The Intellectual Property Appellate Board (IPAB), however, was not impressed with the argument. Holding that ‘Xerox’ is not a generic term, it rejected applications filed against Xerox Corporation, USA, seeking a direction to the Trade Mark Registry, Kolkata, to remove the trademark.
The IPAB, comprising Chairman Justice Prabha Sridevan and member D.P.S. Parmar, said, “After almost 50 years (1963–2009) of continued existence on the register without challenge, and with proof of almost 44 years of use evident (1965-2009), we do not think the mark deserves to be removed.”
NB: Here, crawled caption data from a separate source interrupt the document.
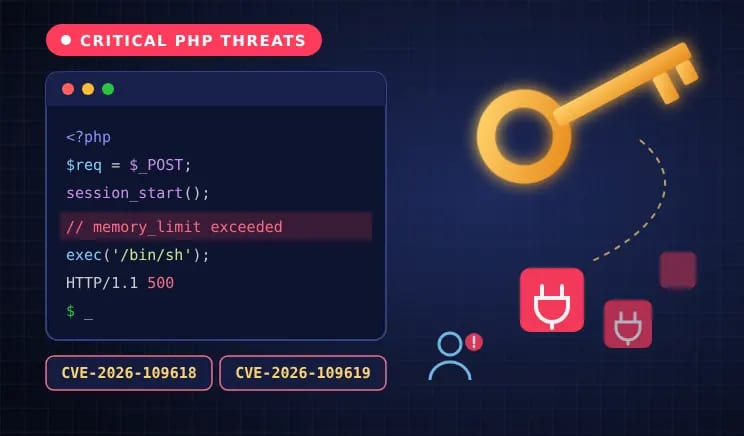 PHP2Shell and UpdraftCentral Keys: Two PHP Threats to Fix Now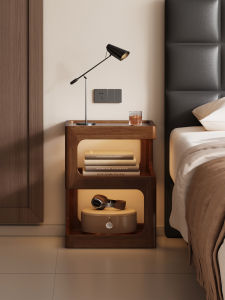 OYIla | Vintage Style Creative Design Small Bedside Table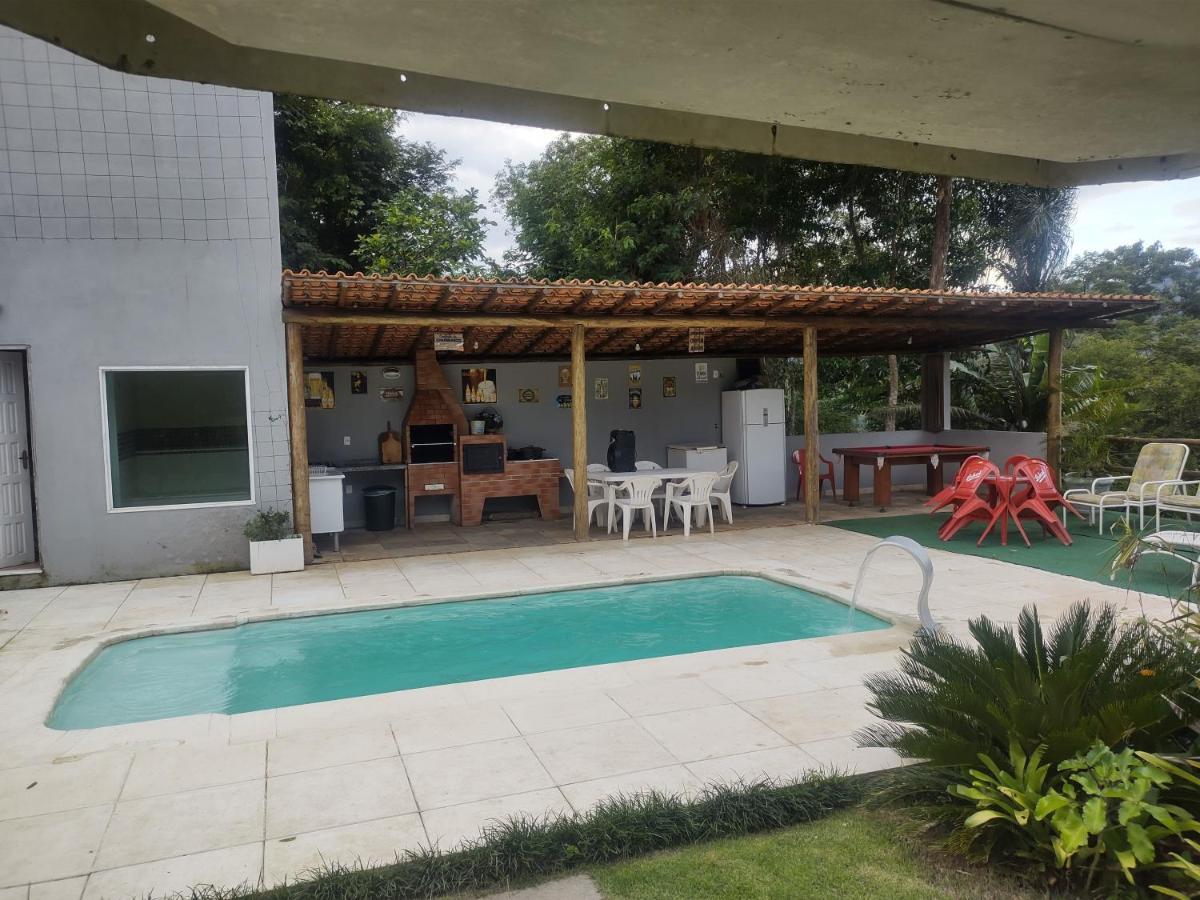 Casa Da Montanha, Sitio Em Secretario Villa Petropolis  Luaran gambar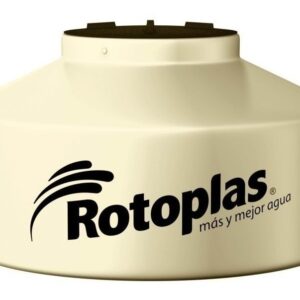 Tanque De Agua Rotoplas De 500 Lts Flat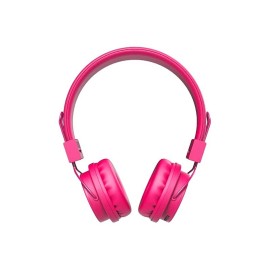 Micro Casque Sans Fil MP3 BEST SOUND M44 Rose (M44/86-RO)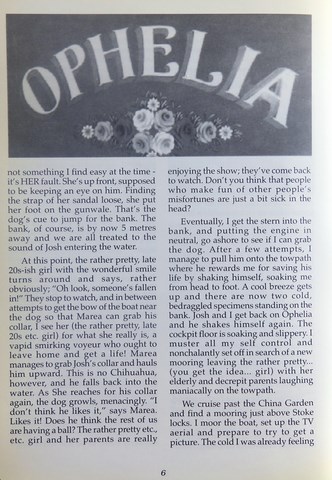 OwnerSnips Issue 14 Spring 1999 Page 6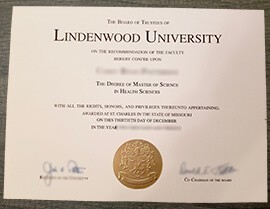 How to buy fake Lindenwood University diploma?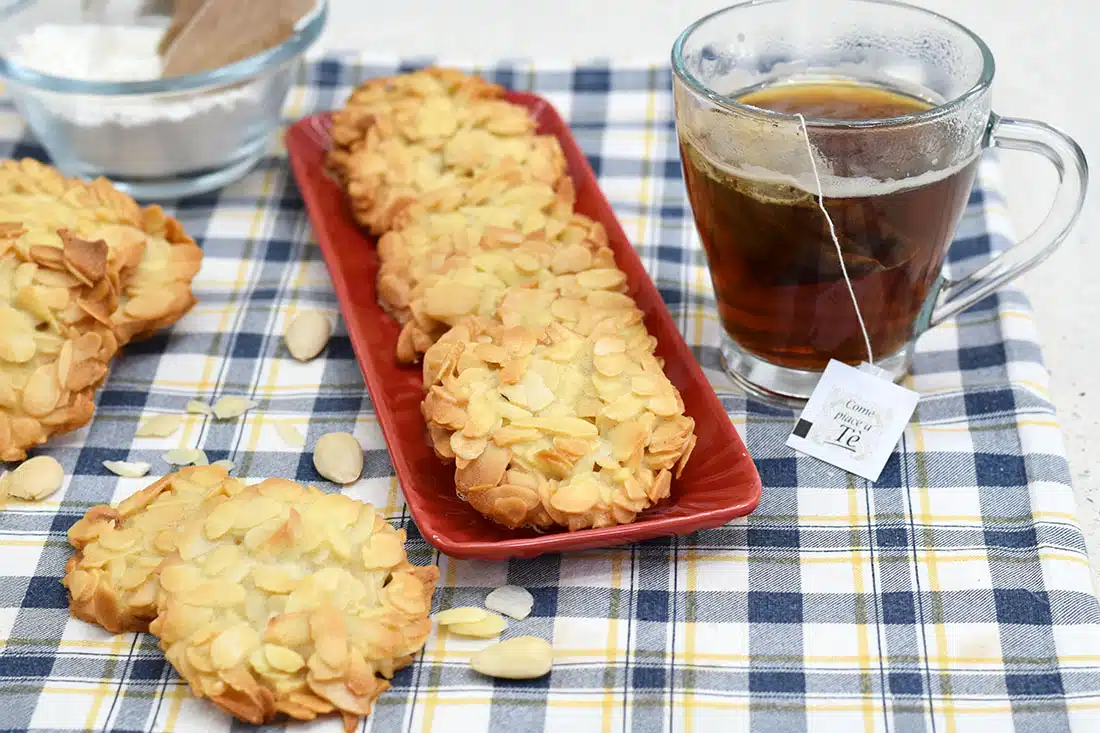 Florentine alle mandorle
The Board noted that when Xerox Corporation took objection to the loose use of the word by government and public sector undertakings, the response came in the form of apologies with assurances to set right the inadvertent error.
“We find, that the High Courts, Port Trust and like institutions, and even the Government of India have agreed to delete the word ‘Xerox’ and use the word ‘photocopying’. Several Governmental organisations have given an undertaking that they will not use the mark in violation of the trademark rights of the respondent,” they added.
Aggrieved over a suit filed by Xerox Corporation, B.V. Elango Himachalapathy, owner of a photocopying shop, filed the present applications.
P. Venugopal, counsel for the applicant, contended that ‘Xerox’ was now a common word and in the minds of the general public, is a synonym for photocopying. As it has come to be used in a generic sense, it has lost its value as a trademark.
Sanjay Jain, Senior counsel for Xerox Corporation, submitted that the US-based company had operations in over 160 countries.
It claimed usage of the mark since 1961, he said, and pointed out that its competitor Canon called its products Canon Photocopiers and not Canon Xerox machines.
Ms. Justice Sridevan, said, “The applicant does not say that the mark was generic at its inception, his case is that by continued use it had become generic… There is no evidence to show that the applicant was in any way affected from pursuing his calling or business.”